══ TASK INPUTS
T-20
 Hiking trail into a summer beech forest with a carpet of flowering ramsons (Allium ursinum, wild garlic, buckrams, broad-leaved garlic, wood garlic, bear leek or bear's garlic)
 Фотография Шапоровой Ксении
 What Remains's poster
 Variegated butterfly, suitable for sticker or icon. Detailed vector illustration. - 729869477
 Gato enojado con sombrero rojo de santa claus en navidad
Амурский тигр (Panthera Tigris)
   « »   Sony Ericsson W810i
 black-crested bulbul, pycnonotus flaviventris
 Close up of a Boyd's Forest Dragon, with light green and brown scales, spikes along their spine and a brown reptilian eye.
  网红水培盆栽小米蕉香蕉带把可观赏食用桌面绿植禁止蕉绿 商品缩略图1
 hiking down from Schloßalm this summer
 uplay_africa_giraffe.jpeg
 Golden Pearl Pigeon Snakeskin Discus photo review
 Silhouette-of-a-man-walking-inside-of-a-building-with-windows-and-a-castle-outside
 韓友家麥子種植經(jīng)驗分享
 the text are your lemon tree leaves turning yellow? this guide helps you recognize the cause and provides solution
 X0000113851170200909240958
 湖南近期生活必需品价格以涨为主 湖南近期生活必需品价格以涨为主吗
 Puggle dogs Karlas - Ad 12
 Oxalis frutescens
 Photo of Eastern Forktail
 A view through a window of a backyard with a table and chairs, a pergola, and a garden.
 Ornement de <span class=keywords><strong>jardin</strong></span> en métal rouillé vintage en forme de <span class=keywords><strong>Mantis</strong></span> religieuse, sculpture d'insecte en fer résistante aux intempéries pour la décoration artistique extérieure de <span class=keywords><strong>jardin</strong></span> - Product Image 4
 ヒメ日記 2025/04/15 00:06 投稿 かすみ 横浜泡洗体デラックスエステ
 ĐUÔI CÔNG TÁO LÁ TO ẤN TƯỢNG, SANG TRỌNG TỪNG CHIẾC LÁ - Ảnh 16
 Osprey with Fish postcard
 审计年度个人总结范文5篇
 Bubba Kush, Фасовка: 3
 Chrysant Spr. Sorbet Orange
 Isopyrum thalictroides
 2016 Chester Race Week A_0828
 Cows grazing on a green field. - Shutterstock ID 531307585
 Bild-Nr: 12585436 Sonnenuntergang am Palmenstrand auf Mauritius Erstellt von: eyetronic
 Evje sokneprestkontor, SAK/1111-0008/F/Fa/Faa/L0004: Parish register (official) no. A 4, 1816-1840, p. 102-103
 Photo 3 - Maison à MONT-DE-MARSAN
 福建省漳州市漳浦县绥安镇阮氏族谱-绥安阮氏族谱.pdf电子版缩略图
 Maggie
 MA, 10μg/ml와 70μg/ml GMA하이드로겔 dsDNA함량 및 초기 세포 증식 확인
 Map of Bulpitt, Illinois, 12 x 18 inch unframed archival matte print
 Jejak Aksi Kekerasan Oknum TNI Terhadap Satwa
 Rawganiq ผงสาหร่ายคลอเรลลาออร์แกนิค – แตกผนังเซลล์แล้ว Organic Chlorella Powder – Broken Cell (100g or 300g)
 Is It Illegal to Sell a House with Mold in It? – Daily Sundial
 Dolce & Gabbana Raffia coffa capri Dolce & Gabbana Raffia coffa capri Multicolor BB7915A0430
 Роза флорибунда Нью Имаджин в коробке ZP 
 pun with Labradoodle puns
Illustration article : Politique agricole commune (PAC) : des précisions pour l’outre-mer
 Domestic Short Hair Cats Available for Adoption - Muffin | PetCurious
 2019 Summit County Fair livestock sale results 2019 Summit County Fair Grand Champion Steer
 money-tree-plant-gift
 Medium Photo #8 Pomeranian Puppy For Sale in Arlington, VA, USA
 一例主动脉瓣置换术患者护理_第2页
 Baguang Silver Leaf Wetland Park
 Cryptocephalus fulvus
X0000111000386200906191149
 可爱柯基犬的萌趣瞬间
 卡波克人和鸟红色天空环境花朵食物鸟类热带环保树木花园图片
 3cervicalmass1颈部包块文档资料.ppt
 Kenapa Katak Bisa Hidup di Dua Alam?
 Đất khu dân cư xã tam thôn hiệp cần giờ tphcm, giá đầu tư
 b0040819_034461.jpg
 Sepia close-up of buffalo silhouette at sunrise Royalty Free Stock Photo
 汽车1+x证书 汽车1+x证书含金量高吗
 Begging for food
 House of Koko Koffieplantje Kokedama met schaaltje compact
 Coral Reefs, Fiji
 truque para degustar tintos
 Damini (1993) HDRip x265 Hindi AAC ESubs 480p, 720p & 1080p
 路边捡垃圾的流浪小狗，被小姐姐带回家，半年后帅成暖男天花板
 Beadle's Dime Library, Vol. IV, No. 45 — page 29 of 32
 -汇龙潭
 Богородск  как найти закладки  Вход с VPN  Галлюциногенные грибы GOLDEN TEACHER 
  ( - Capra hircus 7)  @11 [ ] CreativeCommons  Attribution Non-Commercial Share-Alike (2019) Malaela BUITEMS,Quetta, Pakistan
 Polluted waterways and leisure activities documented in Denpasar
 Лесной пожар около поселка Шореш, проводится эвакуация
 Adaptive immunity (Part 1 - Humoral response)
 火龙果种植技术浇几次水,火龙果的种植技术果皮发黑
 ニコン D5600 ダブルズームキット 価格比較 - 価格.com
════
> _WHAT NEEDS TO BE DONE_
Print the records above exactly. Omit nothing.

> _EXERCISE RESPONSE_
T-20
 Hiking trail into a summer beech forest with a carpet of flowering ramsons (Allium ursinum, wild garlic, buckrams, broad-leaved garlic, wood garlic, bear leek or bear's garlic)
 Фотография Шапоровой Ксении
 What Remains's poster
 Variegated butterfly, suitable for sticker or icon. Detailed vector illustration. - 729869477
 Gato enojado con sombrero rojo de santa claus en navidad
Амурский тигр (Panthera Tigris)
   « »   Sony Ericsson W810i
 black-crested bulbul, pycnonotus flaviventris
 Close up of a Boyd's Forest Dragon, with light green and brown scales, spikes along their spine and a brown reptilian eye.
  网红水培盆栽小米蕉香蕉带把可观赏食用桌面绿植禁止蕉绿 商品缩略图1
 hiking down from Schloßalm this summer
 uplay_africa_giraffe.jpeg
 Golden Pearl Pigeon Snakeskin Discus photo review
 Silhouette-of-a-man-walking-inside-of-a-building-with-windows-and-a-castle-outside
 韓友家麥子種植經(jīng)驗分享
 the text are your lemon tree leaves turning yellow? this guide helps you recognize the cause and provides solution
 X0000113851170200909240958
 湖南近期生活必需品价格以涨为主 湖南近期生活必需品价格以涨为主吗
 Puggle dogs Karlas - Ad 12
 Oxalis frutescens
 Photo of Eastern Forktail
 A view through a window of a backyard with a table and chairs, a pergola, and a garden.
 Ornement de <span class=keywords><strong>jardin</strong></span> en métal rouillé vintage en forme de <span class=keywords><strong>Mantis</strong></span> religieuse, sculpture d'insecte en fer résistante aux intempéries pour la décoration artistique extérieure de <span class=keywords><strong>jardin</strong></span> - Product Image 4
 ヒメ日記 2025/04/15 00:06 投稿 かすみ 横浜泡洗体デラックスエステ
 ĐUÔI CÔNG TÁO LÁ TO ẤN TƯỢNG, SANG TRỌNG TỪNG CHIẾC LÁ - Ảnh 16
 Osprey with Fish postcard
 审计年度个人总结范文5篇
 Bubba Kush, Фасовка: 3
 Chrysant Spr. Sorbet Orange
 Isopyrum thalictroides
 2016 Chester Race Week A_0828
 Cows grazing on a green field. - Shutterstock ID 531307585
 Bild-Nr: 12585436 Sonnenuntergang am Palmenstrand auf Mauritius Erstellt von: eyetronic
 Evje sokneprestkontor, SAK/1111-0008/F/Fa/Faa/L0004: Parish register (official) no. A 4, 1816-1840, p. 102-103
 Photo 3 - Maison à MONT-DE-MARSAN
 福建省漳州市漳浦县绥安镇阮氏族谱-绥安阮氏族谱.pdf电子版缩略图
 Maggie
 MA, 10μg/ml와 70μg/ml GMA하이드로겔 dsDNA함량 및 초기 세포 증식 확인
 Map of Bulpitt, Illinois, 12 x 18 inch unframed archival matte print
 Jejak Aksi Kekerasan Oknum TNI Terhadap Satwa
 Rawganiq ผงสาหร่ายคลอเรลลาออร์แกนิค – แตกผนังเซลล์แล้ว Organic Chlorella Powder – Broken Cell (100g or 300g)
 Is It Illegal to Sell a House with Mold in It? – Daily Sundial
 Dolce & Gabbana Raffia coffa capri Dolce & Gabbana Raffia coffa capri Multicolor BB7915A0430
 Роза флорибунда Нью Имаджин в коробке ZP 
 pun with Labradoodle puns
Illustration article : Politique agricole commune (PAC) : des précisions pour l’outre-mer
 Domestic Short Hair Cats Available for Adoption - Muffin | PetCurious
 2019 Summit County Fair livestock sale results 2019 Summit County Fair Grand Champion Steer
 money-tree-plant-gift
 Medium Photo #8 Pomeranian Puppy For Sale in Arlington, VA, USA
 一例主动脉瓣置换术患者护理_第2页
 Baguang Silver Leaf Wetland Park
 Cryptocephalus fulvus
X0000111000386200906191149
 可爱柯基犬的萌趣瞬间
 卡波克人和鸟红色天空环境花朵食物鸟类热带环保树木花园图片
 3cervicalmass1颈部包块文档资料.ppt
 Kenapa Katak Bisa Hidup di Dua Alam?
 Đất khu dân cư xã tam thôn hiệp cần giờ tphcm, giá đầu tư
 b0040819_034461.jpg
 Sepia close-up of buffalo silhouette at sunrise Royalty Free Stock Photo
 汽车1+x证书 汽车1+x证书含金量高吗
 Begging for food
 House of Koko Koffieplantje Kokedama met schaaltje compact
 Coral Reefs, Fiji
 truque para degustar tintos
 Damini (1993) HDRip x265 Hindi AAC ESubs 480p, 720p & 1080p
 路边捡垃圾的流浪小狗，被小姐姐带回家，半年后帅成暖男天花板
 Beadle's Dime Library, Vol. IV, No. 45 — page 29 of 32
 -汇龙潭
 Богородск  как найти закладки  Вход с VPN  Галлюциногенные грибы GOLDEN TEACHER 
  ( - Capra hircus 7)  @11 [ ] CreativeCommons  Attribution Non-Commercial Share-Alike (2019) Malaela BUITEMS,Quetta, Pakistan
 Polluted waterways and leisure activities documented in Denpasar
 Лесной пожар около поселка Шореш, проводится эвакуация
 Adaptive immunity (Part 1 - Humoral response)
 火龙果种植技术浇几次水,火龙果的种植技术果皮发黑
 ニコン D5600 ダブルズームキット 価格比較 - 価格.com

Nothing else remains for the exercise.